In a new report compiled with support from Prudential, ILC-UK argued that older people have not been exempt from the impact of the recession and should have fair opportunities to earn an income.

Governments were urged to facilitate progress in this area by tackling ageism and promoting appropriate jobs for senior workers.

The study highlighted a number of significant points and concerns, including the skills gap faced by many European countries due to demographic change.

There are 13.5 million job vacancies that need to be filled over the next decade in the UK alone, but only seven million young people are set to leave school and college in that time.

ILC-UK also pointed out that European governments failed to meet a target employment rate of 50 per cent for older people by 2010.

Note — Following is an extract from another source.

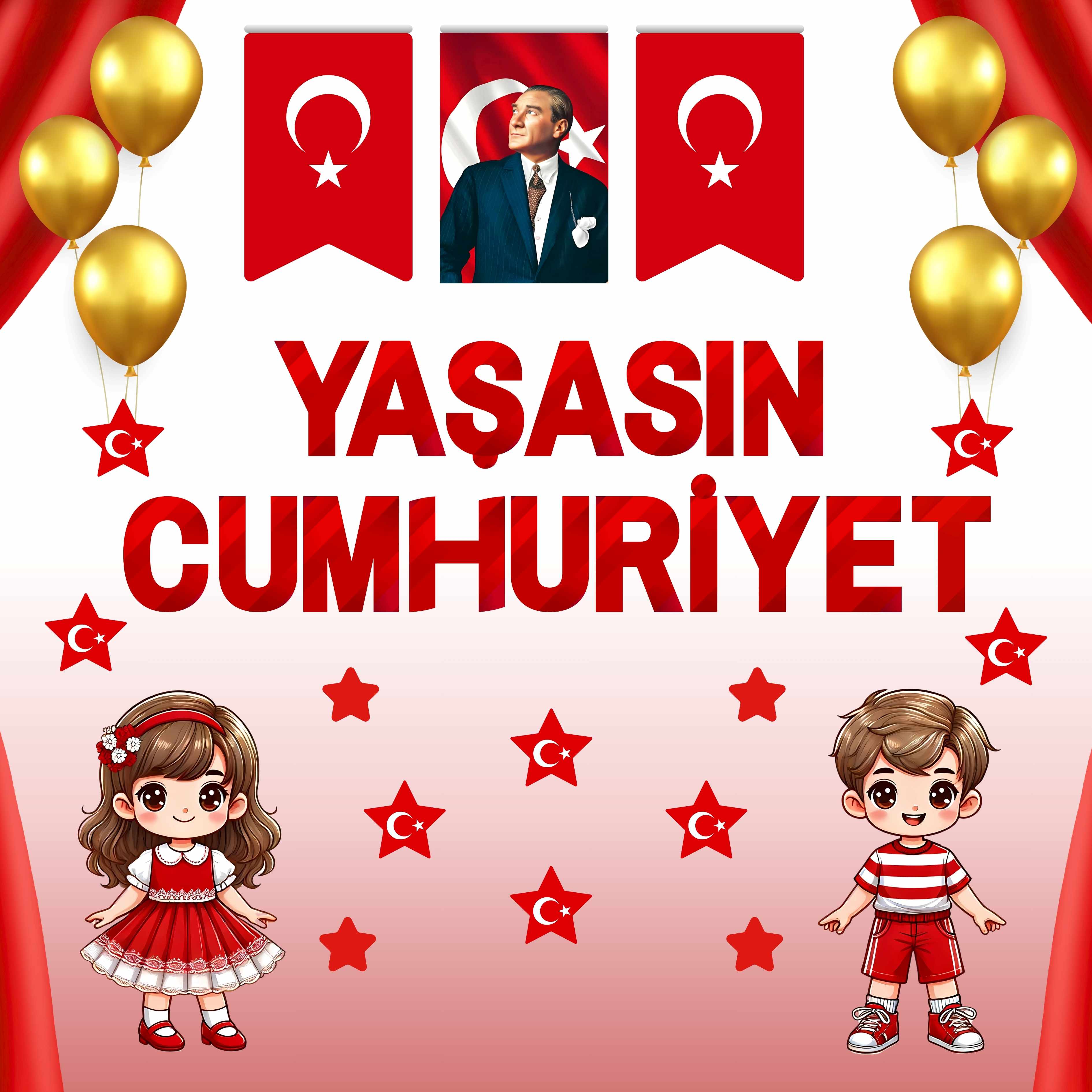 29 Ekim Cumhuriyet Bayramı Premium Vinil Pano 160×160 cm – 01 (Tek Parça)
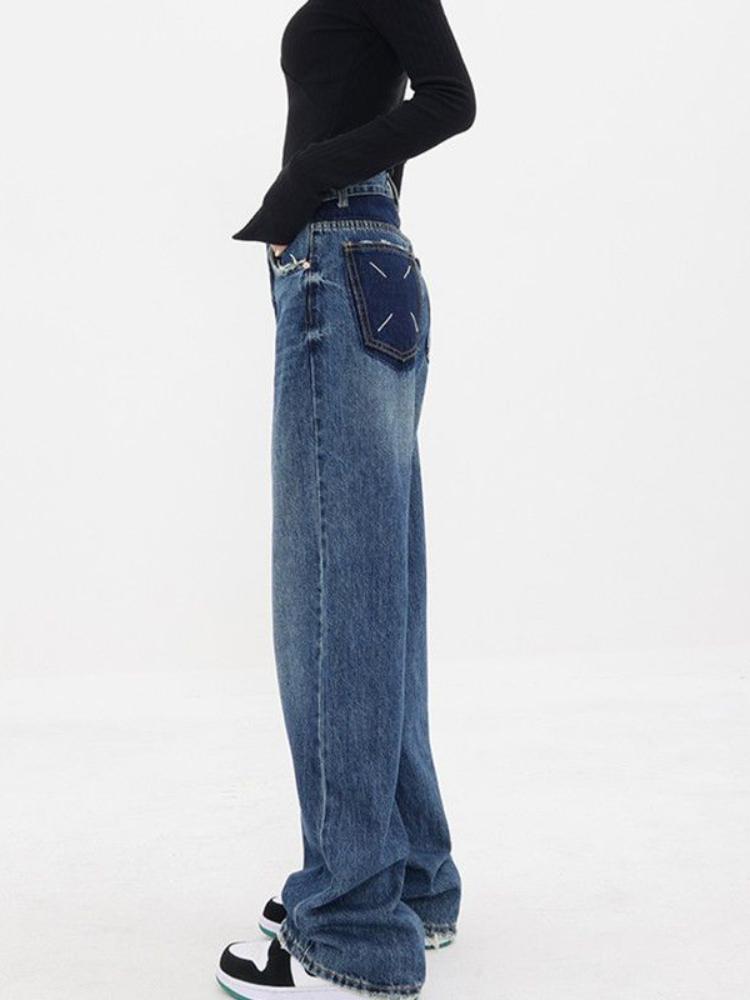 American Fashion Vintage Loose Jeans Women High Waist Vintage Y2k Harajuku Denim Trousers Female Retro Casual Wide Pants New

In 2012, just under 49 per cent of 55 to 64-year-olds living in EU countries were in paid work.

David Sinclair, assistant director of policy and communications at ILC-UK, said Europe’s economy is driven by the capabilities of its workforce, meaning it will become more important to harness the potential of older employees as society ages.

“Yet few European governments have got to grips with the challenges of an older workforce,” he added.

“We must not, however, pitch one generation against another. European policymakers must focus on tackling the barriers [to] employability across the life course. Flexible working and opportunities for people of all ages to develop their skills are vital.”

A previous study from ILC-UK warned that the oldest members of the population are the most at risk of social isolation in Britain.